Great art lingers. I only saw Nagisa Oshima’s controversial In the Realm of the Senses once and it left me an impression for years. The film was an excellent excuse for my young self to watch explicit sex scenes and call it art. Great art surprises. After a few shots (pun intended) that shocked my innocent mind, the sex in the film became tedious, numbing and depressing. In spite of the emotion and the intensity, there was no pleasure between the two lovers; at least, I did not recall any. Based on the true story of Abe Sada, the film is a nuanced critique of Japan.
Abe’s lover was Ishida Kichizo. He owned some properties, was financially secured and seemed to have lots of free time. Had Netflix, Pornhub and video games been created in the 1930s, he would be one who would binged watch shows and videos, or playing games all days, all nights. Given the reality, he had to settle with a sex work irl, unfortunately. When I started writing this post, I was trying to equate him to a modern day shut-in or Hikikomori. The analogy fails because Ishida was a middle-aged man and what he was running away from were not exactly the same, even though it is possible that the suppressing societal culture has not changed in the past 80 years.

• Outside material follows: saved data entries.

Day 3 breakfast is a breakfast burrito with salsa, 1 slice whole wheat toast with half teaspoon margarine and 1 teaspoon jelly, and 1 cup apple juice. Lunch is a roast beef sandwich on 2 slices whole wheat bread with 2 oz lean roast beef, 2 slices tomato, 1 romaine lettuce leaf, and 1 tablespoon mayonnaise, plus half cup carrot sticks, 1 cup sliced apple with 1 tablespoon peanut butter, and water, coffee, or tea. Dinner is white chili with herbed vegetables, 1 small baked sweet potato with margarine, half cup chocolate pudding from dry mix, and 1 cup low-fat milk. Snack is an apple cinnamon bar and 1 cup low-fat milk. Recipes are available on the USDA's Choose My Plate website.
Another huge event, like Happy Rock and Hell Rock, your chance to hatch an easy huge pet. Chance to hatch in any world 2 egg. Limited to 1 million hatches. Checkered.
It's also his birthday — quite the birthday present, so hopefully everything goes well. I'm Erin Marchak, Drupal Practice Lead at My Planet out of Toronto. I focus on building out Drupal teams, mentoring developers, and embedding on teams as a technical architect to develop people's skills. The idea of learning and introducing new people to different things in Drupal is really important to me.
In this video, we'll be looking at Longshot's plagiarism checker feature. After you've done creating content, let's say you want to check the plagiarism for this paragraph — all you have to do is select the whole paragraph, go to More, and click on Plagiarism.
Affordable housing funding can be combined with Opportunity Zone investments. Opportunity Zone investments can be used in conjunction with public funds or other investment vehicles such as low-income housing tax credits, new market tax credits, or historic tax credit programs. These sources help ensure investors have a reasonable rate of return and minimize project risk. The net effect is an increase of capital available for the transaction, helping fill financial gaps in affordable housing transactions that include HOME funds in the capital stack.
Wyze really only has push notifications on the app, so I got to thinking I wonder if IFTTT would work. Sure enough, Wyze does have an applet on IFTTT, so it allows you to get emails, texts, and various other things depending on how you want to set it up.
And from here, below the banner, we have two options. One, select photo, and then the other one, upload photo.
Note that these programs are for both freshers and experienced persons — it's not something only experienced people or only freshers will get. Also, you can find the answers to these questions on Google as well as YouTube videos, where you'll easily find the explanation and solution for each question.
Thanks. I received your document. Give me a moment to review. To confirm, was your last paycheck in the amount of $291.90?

In the film, Ishida seemed to be middle class and educated, some sort of a bourgeois. I recall the mentions of his socialist/communist friends who were either on the run or had already arrested by the government. [Spoiler alert] Before he was killed by Abe, he walked passed a group of young soldiers and he turned his head away. It was 1936, the war drum was loud, and the young men were marching for the hope and glory of the country under a nationalist narrative. When what you said meant nothing, when what you did would be lost, when your individual identity was denied, what would you do?

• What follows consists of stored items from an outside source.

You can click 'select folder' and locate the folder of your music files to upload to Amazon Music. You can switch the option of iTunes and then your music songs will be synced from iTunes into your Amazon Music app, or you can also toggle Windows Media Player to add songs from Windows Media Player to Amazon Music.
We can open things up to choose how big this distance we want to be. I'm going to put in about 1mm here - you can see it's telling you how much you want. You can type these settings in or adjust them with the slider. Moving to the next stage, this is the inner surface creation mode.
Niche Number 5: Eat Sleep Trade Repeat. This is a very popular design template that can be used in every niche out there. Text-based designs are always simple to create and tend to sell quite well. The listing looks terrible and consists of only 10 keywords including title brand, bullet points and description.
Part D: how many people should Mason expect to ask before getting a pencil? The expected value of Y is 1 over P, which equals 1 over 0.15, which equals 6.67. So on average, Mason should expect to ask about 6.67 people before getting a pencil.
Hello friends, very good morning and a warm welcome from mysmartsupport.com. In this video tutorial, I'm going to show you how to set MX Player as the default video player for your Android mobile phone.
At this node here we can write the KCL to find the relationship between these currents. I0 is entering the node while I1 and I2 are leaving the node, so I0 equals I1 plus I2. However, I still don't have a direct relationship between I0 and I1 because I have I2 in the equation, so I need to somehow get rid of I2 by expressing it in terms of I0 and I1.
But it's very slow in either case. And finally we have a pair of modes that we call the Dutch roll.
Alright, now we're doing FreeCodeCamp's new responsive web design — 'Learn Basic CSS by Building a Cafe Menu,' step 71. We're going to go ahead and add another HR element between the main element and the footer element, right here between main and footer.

I don’t know how one would feel in the first half of the 20th century. I could never understand why, if I were a Canadian, would volunteer to fight in a trench thousand miles away where both sides would gassing each other with the newly invented chemical. I am lucky that I do not find myself in trenches. Nevertheless, the shocks and the following uncertainty since the Great Recession seem have created a new world that we do not understand. This is how I imagine one would feel in 1936, or in 1911, 1914, 1929, etc.
Now, time for internet shopping.
Disclaimer: Great art makes you think. I have not rewatched the film, so many of the details in this post may be a mere creation in my own mind.
Note: This post was inspired by an article on the relevance of Akira.